Rus Eng _verified_ [ PREMIUM ]

Britain (and later the US) supplied the USSR via perilous Arctic convoys to Murmansk and Archangel. British sailors lost over 3,000 lives on this route. The Soviets received thousands of tanks, aircraft, and millions of boots and tons of aluminum—material that helped them survive 1941–42 and win at Stalingrad.

Britain sent thousands of troops to Archangel and Murmansk to support White Russian forces against the Bolsheviks. It failed. The USSR was established in 1922, and the UK formally recognized it in 1924, only to break off relations after a brief diplomatic row in 1927. rus eng

In 1553, King Edward VI sent three ships under Sir Hugh Willoughby to find the Northeast Passage to China. Two ships were trapped in Arctic ice; Willoughby and his crew were later found frozen to death off the coast of Lapland. However, the third ship—the Edward Bonaventure under Richard Chancellor—survived. Chancellor sailed into the White Sea and traveled overland to Moscow. Britain (and later the US) supplied the USSR

Throughout the 1930s, British elites were deeply divided: some saw Stalin as a lesser evil to Hitler; others, like Winston Churchill, despised communism but pragmatically noted the need for a second front against Nazism. The German invasion of the USSR in June 1941 forced Britain and Soviet Russia into a wartime marriage of convenience. Churchill famously declared: "If Hitler invaded Hell, I would at least make a favourable reference to the Devil in the House of Commons." Britain sent thousands of troops to Archangel and

For the first time, Britain and Russia fought a major war against each other. The cause: Russian expansion into Ottoman territory. Britain, fearing Russian control of the Dardanelles and the route to India, joined France in attacking Russia. The war’s iconic disasters—the Charge of the Light Brigade, the Siege of Sevastopol—created deep mutual distrust. Over 600,000 died, mostly from disease.

Paradoxically, by 1907 the two empires signed the Anglo-Russian Convention , settling their Central Asian disputes and joining France to form the Triple Entente against Germany. The reason: both feared the rising power of Imperial Germany more than each other.

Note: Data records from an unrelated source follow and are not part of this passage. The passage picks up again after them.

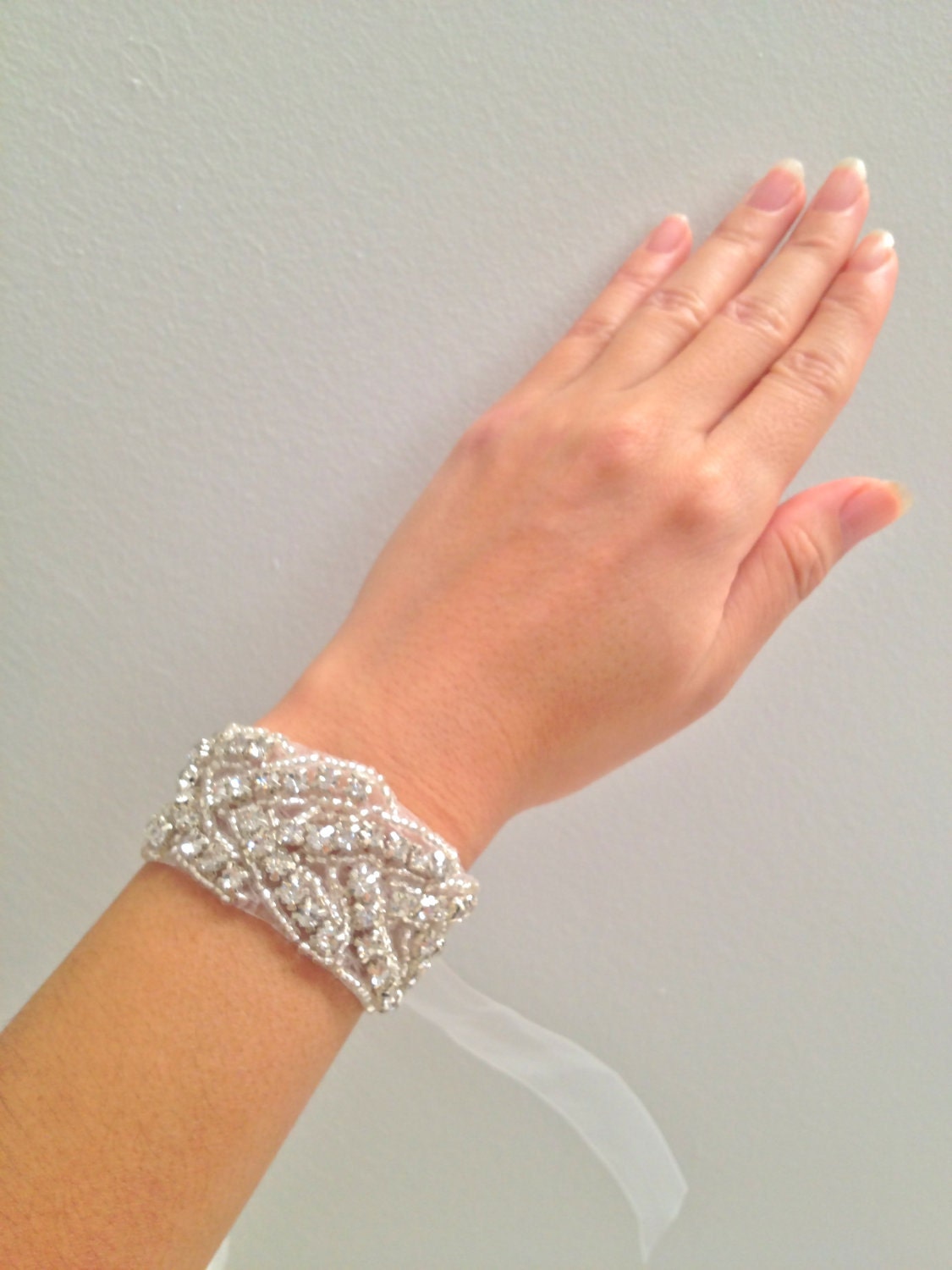 Crystal bracelet, Bridal bracelet, beaded crystal cuff - DEANNA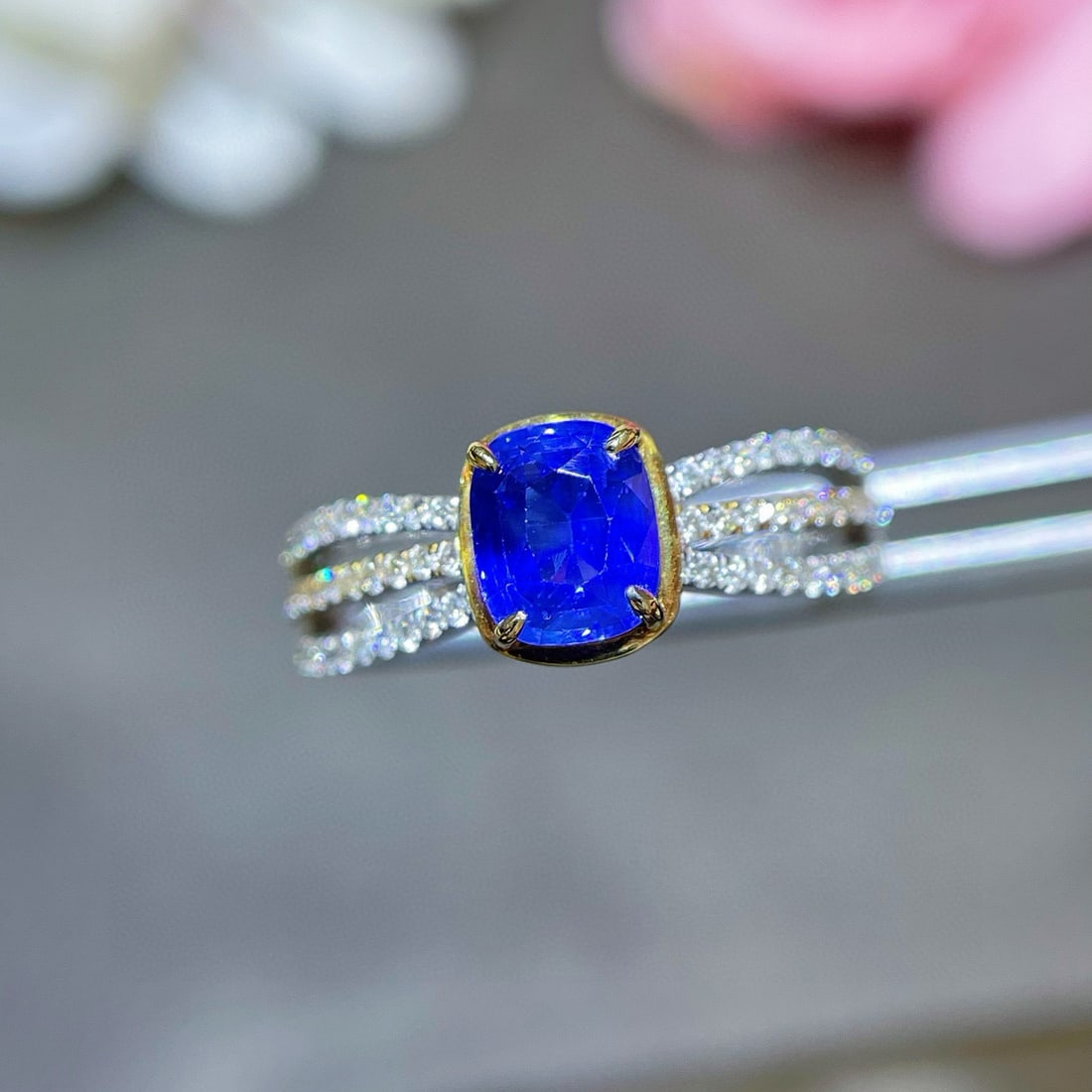 14k Gold 1.53 Ctw Natural Sapphire & Diamond Ring - 3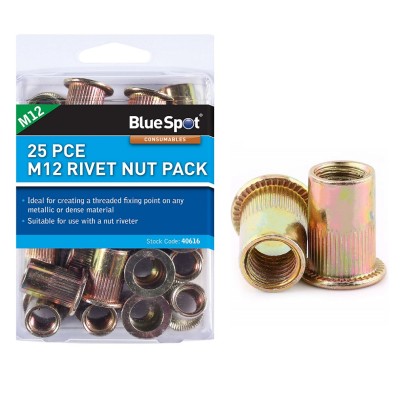 Blue Spot Threaded M12 Rivet Nut Rivnut Nutsert Rivetnut 40616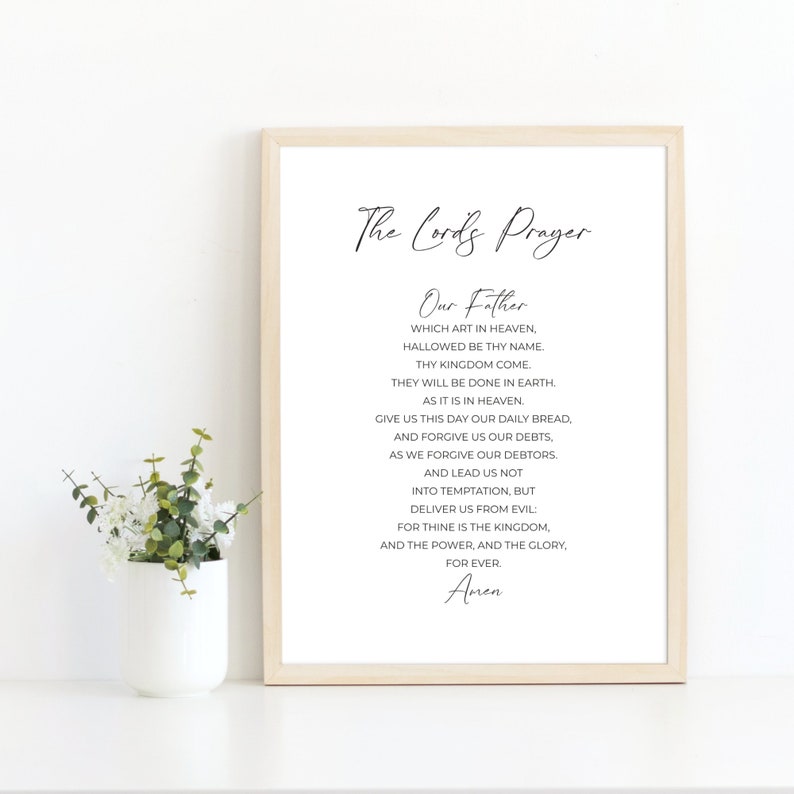 The Lord's Prayer KJV Printable Scripture Wall Art, Minimalist ...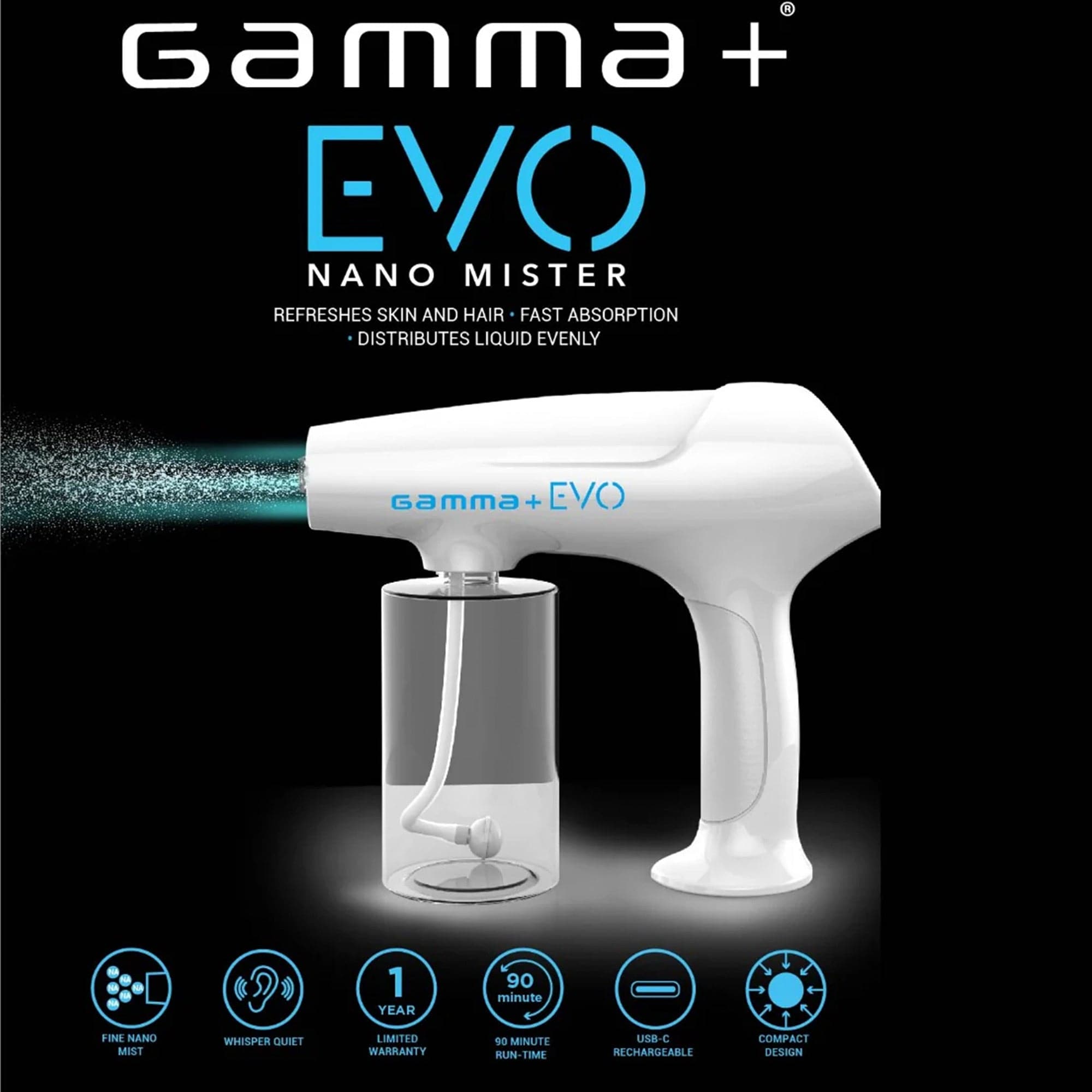 Gamma+ - Evo Nano Hair Water Spray Mister White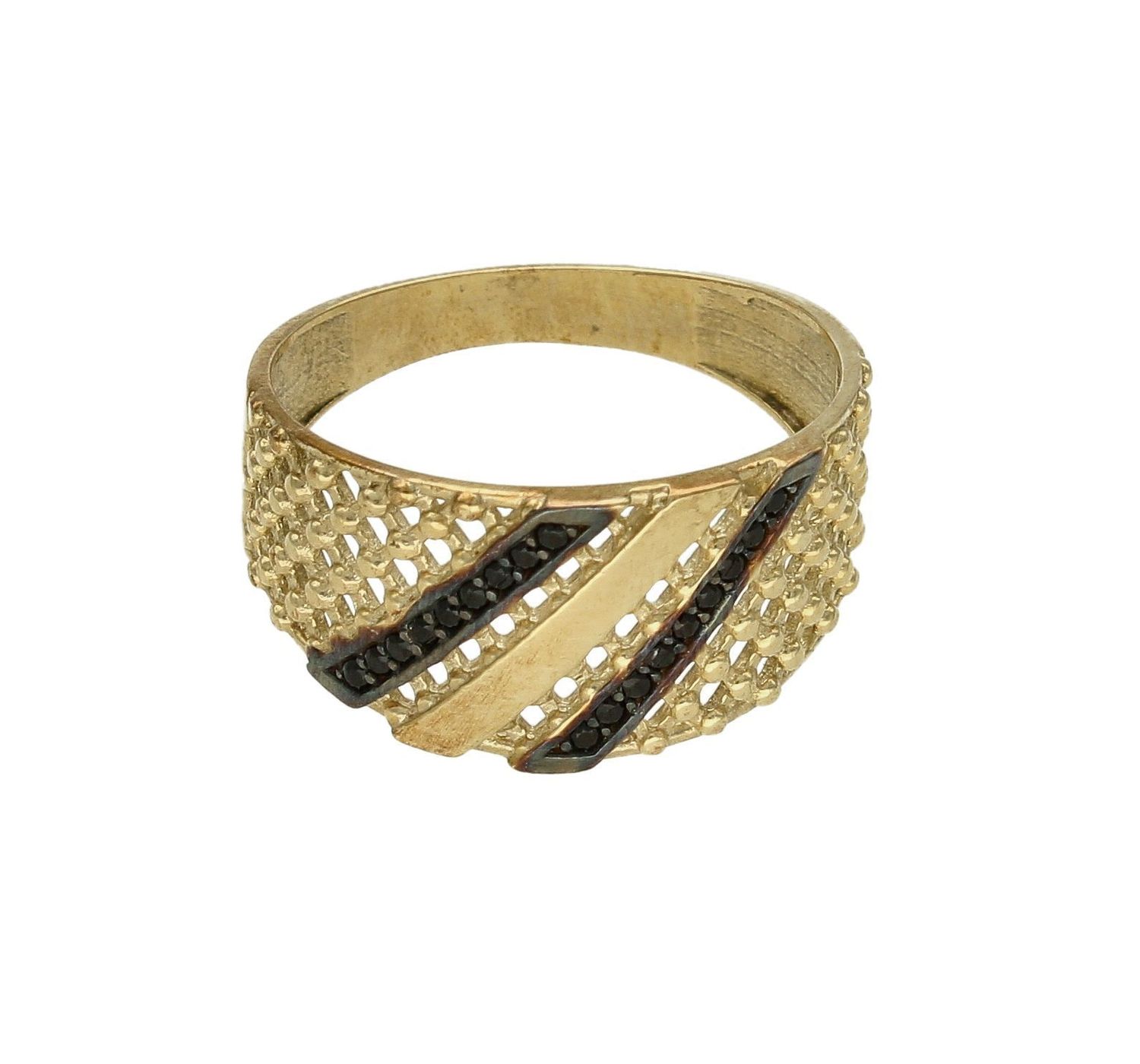 Złoty pierścionek 333 ażurowy z czarnymi cyrkoniami DIA-PRS-PI4277A-333. Pierścionek został wykonany z najwyższej jakości złota próby 333. Waga pierścionka wynosi około 2,95 gram. Pierścionek został ażurowym zdobieniem oraz  (4).jpg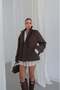 Bitter Brown Trench Coat with Collar and Detailing - 4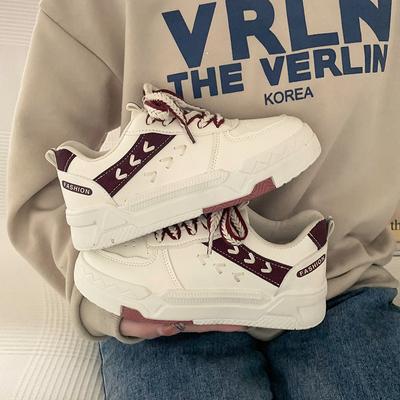 Весенние новинки, модные и универсальные повседневные туфли на платформе, студенческие спортивные туфли белого цвета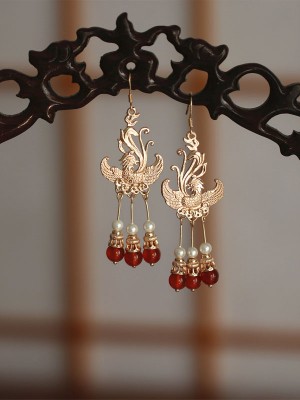 Vintage Alloy Phoenix Agate Dangle Drop Earrings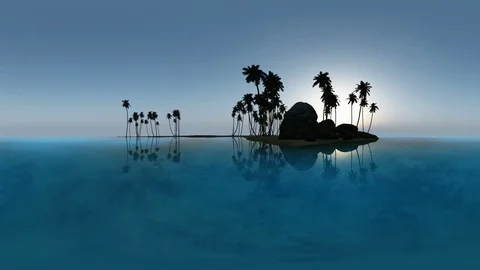 Panoramic of tropical beach at sunset. made with one 360 degree lense on moving Stock Footage 70382022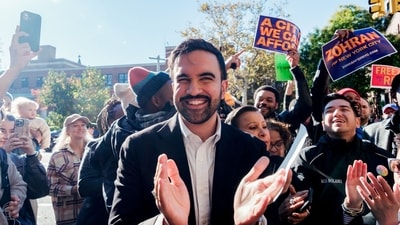 With his campaign videos in languages ranging from Bengali, Arabic to Spanish, the 34-year-old assemblyman was all over social media platforms, especially Instagram, X and TikTok. (Bloomberg) With his campaign videos in languages ranging from Bengali, Arabic to Spanish, the 34-year-old assemblyman was all over social media platforms, especially Instagram, X and TikTok. (Bloomberg)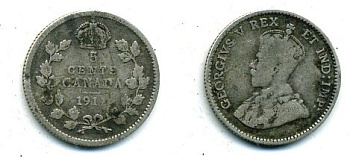 КАНАДА 5 ЦЕНТОВ 1911 ГЕОРГ V серебро 46-414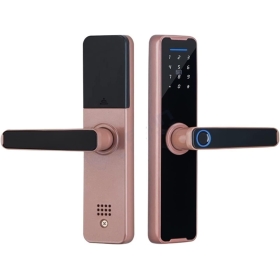 Biometric fingerprint door lock for wooden doors, Bluetooth electronic, compatible with Tuya Smart Lock for remote control, keyless unlocking control, pink,22X160(50 50)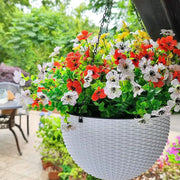 12 Bundles Artificial Flowers Plants UV Resistant Outdoor Planter Porch Patio Garden
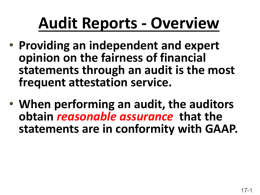 Auditors' Reports - Lorsbach's Auditing Resource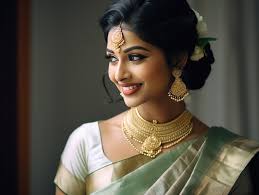 green saree and confident radiant smile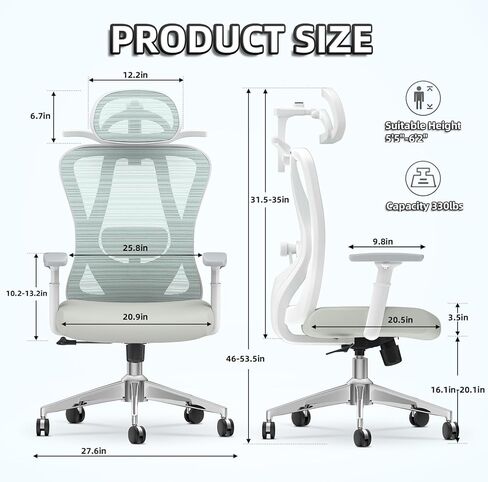 كرسي مكتب مريح، كرسي مكتب شبكي عالي الظهر مع دعم قطني قابل للتعديل، مسند ظهر هزاز 135 درجة، مسند ذراع ومسند رأس قابلان للتعديل، شماعة معطف، أفضل كرسي مكتب لساعات طويلة، أسود in Kuwait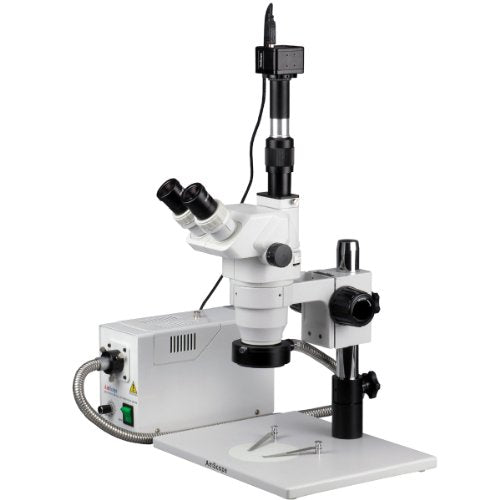 AmScope Digital Trinocular Stereo Zoom Microscope with 5MP Camera White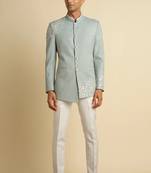 Pista green embroidered cotton blend bandhgala for men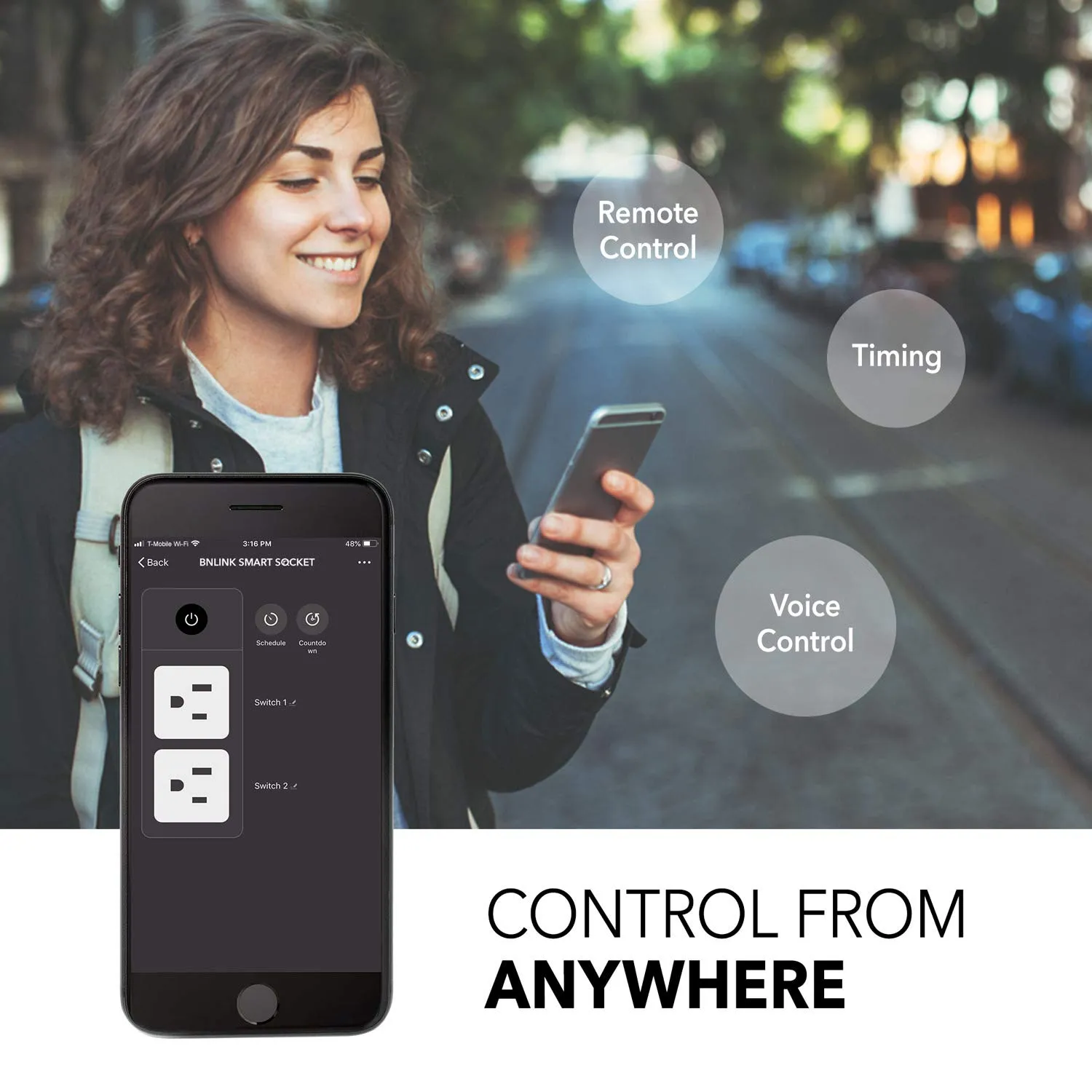 Smart 15A WiFi&Bluetooth Outlet Extender Dual Socket Plugs Compatible Function ETL 2-Pack BN-LINK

Chancellor met Tsar Ivan IV ("the Terrible"), who was eager to bypass the Hanseatic League and Polish-Lithuanian rivals for trade. In 1555, England’s Muscovy Company was granted a monopoly on Anglo-Russian trade. Ivan granted the English their own courtyards in Kholmogory and Vologda, and later in Moscow itself. For decades, England supplied rope, saltpeter (for gunpowder), and luxury goods in exchange for Russian furs, wax, and tallow.